I started this project with a simple Makefile. Eventually, I’d gotten to 30+ source files, and the Makefiles were getting cumbersome to update. I mean, judge for yourself: How easy is this?

cmake_minimum_required(VERSION 2.4)
project (logic C)

include_directories (..)

set (MOCK_SRCS ../mock/region.c ../mock/unit.c
../mock/keyvalue.c ../mock/mock_svc.c) add_executable ( movement_test movement.c movement_test.c ../cutest/CuTest.c ${MOCK_SRCS} ) add_test(movement_test movement_test)

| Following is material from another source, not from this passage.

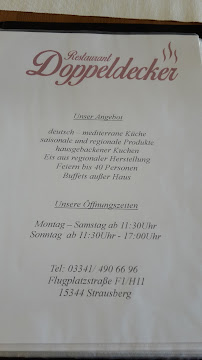 Menu du Restaurant Doppeldecker à Strausberg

This is the rule to build the tests for my movement code and link them with the mock implementation of the game structures. It’s platform-agnostic, too: On Windows, I can use this to build Visual Studio project files. On Linux, cmake generates Makefiles for me that are far cleverer than any I ever wrote by hand.

This isn’t my first project to use CMake. I’ve looked at a lot of build systems over the years, and this is the one I’ve stuck with. There are still things that are hard to do in it, but they are the kind of things that are huge pains in every other build system, too. But the easy stuff, the 95% of the work, is actually easy.

This is the first time I’ve used CTest, though, which ships with CMake. You can add all your tests with the ADD_TEST command, and CMake will generate the input for CTest from that, so you can run all the different tests in your project with a single command.